Monday, 26 January 2026

Recent Reading - All Things Are too Small: Essays in Praise of Excess, by Becca Rothfeld

On the whole, All Things Are Too Small, a collection of essays by Becca Rothfeld is a joy to read, full of intelligence and humour. It does contain a couple of essays that are of no interest unless you have encountered either the works of Eric Rohmer or the novel Mating by Norman Rush. Additionally, there is one deeply unpersuasive and entirely unamusing essay, Only Mercy, which begins with that most unpromising of phrases "Studies show" and, among other things, goes on to label Louise Perry as a Puritan, (a disparagement in the context), instead of countering Perry's arguments. I suspect this particular essay may have been written at an agent's behest, (can we have some sex please?), or in order to gain street cred among the author's own generation, (this might also be the motivation behind the uncritical references to Marx that pop up from time to time).

But let's set these pieces aside and declare the book mainly a pleasure. The essay on Marie Kondo, after all, is such a delight. In it, Rothfeld nails the madness at the heart of the decluttering doctrine: 

"The ultimate goal is to inhabit even permanent dwellings not only as if we were about to leave but also as if we have just arrived" she says, adding, 

"We can yank ourselves out of the mess and mayhem of the past and install ourselves in eternal immediacy only if we are willing to live in rooms without any contents."

The essay entitled Ladies in Waiting is also excellent. In it Rothfeld demonstrates that in certain respects, despite the supposed march of feminism and women's rights, little has really changed when it comes to men and women and dating. She describes the pain of waiting that most women must endure if they are to successfully gain a mate - and thus go on to have children (in an age of instant gratification is a lack of training in patience behind the decline in the birth rate?) 

"The messages that I answer immediately" Rothfeld explains, "without inserting a buffer of delay calculated to give the (always erroneous) impression that I'm busy or unavailable, come from my female friends, and they often constitute an agonised refrain: How soon should I reply? Can I say something yet? Should I call? I know I shouldn't text him, but ... My advice ingrained in me by years of comparable counsel from comparably responsive female friends, is always: wait. Waiting is the rule, the convention, tacitly enforced by men who retreat from female aggression and actively perpetuated by some who self-police. This is the agreement we opt into when we receive the first day-after texts with such awed gratitude, as if we didn't deserve them."

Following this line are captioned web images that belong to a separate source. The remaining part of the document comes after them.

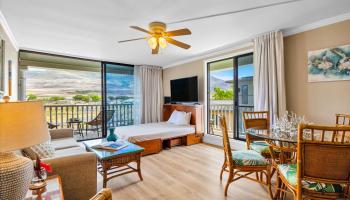Lahaina Shores condo # 202, Lahaina, Hawaii - photo 4 of 28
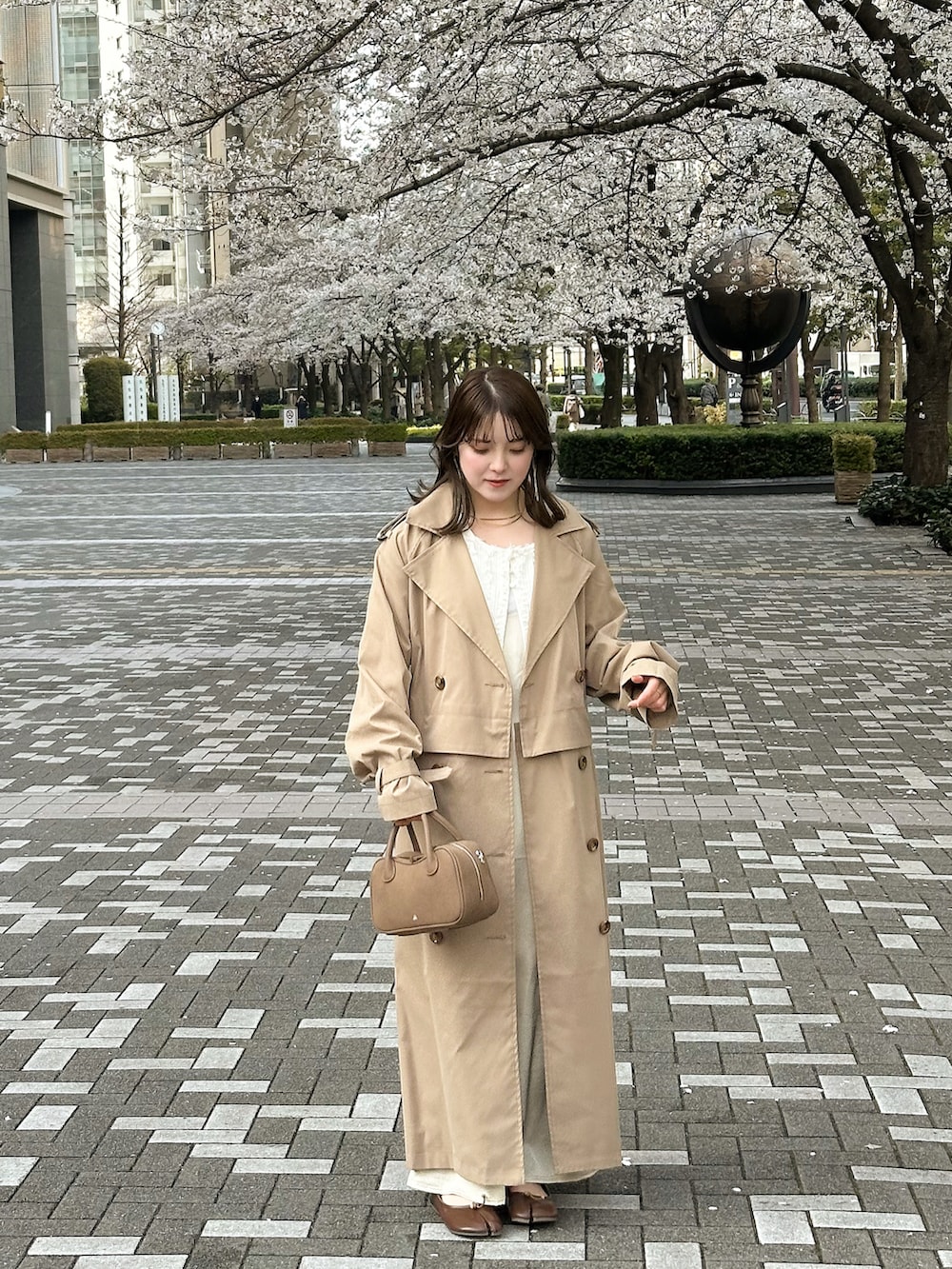「春めき満開コーデ、春色、お出かけコーデ、春服、キレイめカジュアル、トレンチコート、ブラウス、キャミワンピ、レイヤードスタイル、ワンピースコーデ、初夏コーデ、お花見コーデ、淡色コーデ、ワントーン、春カラー」｜「LOWRYS FARMのステンレスフープ２レンチョーカ－　 213681（ネックレス、ゴールド系）」を使った、sayaさん（レディース・156cm）の春コーディネートの2枚目の写真
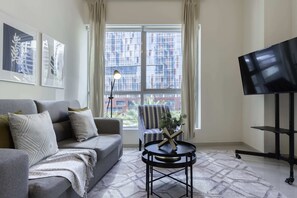 基础公寓, 1 张双人床 | 客厅 | 电视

She goes on to produce some nice aphorisms about the state of waiting:

"Waiting is the transformation of time into misery", she declares; and

"Waiting is sustained by the possibility of fulfilment that is yet to be decisively precluded." 

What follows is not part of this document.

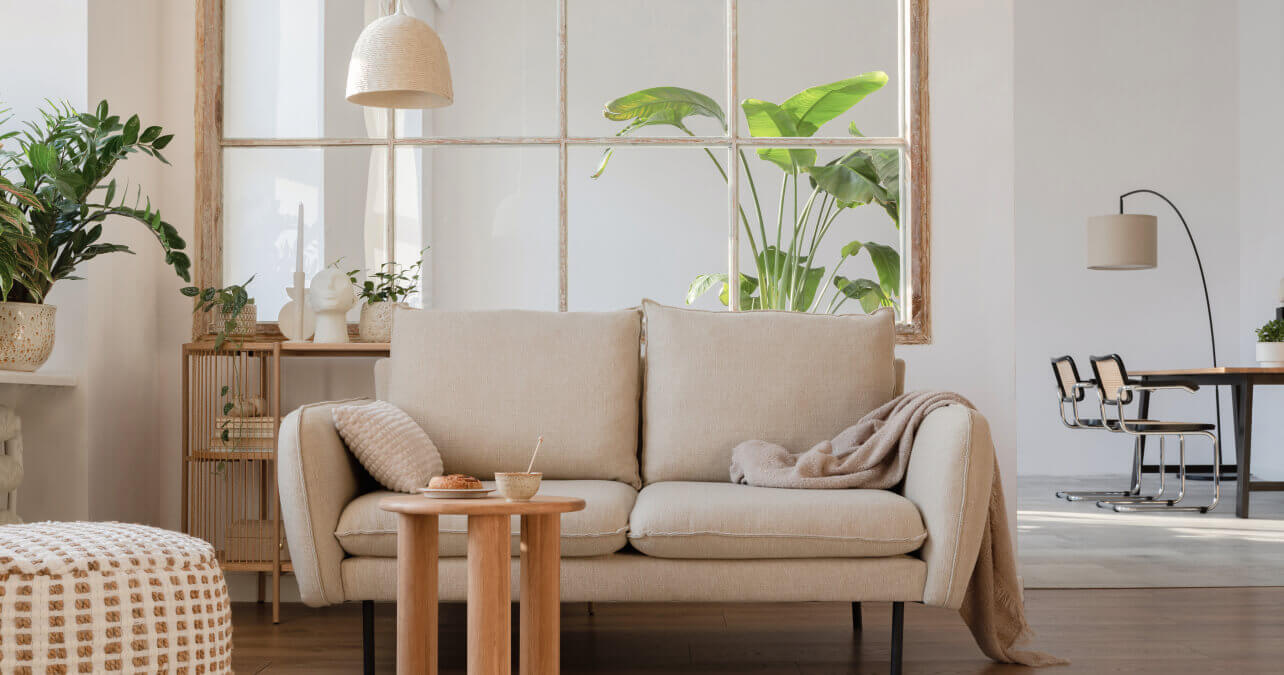 Sala de una casa con mueble de moderno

In her essay on meditation - Wherever You Go, You Could leave -  and the whole big business of mindfulness, Rothfeld is as acerbic and funny as she is on Kondo:

'"No matter how hard I tried" she tells the reader, "I never understood the injunction to 'practice mindfulness', as if it were piano or a dance routine. I knew, of course, what I was supposed to do, at least at the most literal level: I was supposed to sit, close my eyes, and attend to my breathing. I was not supposed to do anything else. I wasn't supposed to feel my emotions, but I wasn't supposed to think about them either. If any mental matter assailed me, I was supposed to acknowledge it and discard it. Under no circumstances was I supposed to evaluate thought or feeling as good or bad, smart or stupid, intriguing or boring. Perhaps at a more advanced stage, I would be able to circumvent the indignity of thinking and assessing altogether, but, in the interim, I was supposed to exercise something called 'non-judgmental awareness', which I would one day learn to achieve in any and all situations but which for now I could cultivate in its purest form by way of 'meditation'."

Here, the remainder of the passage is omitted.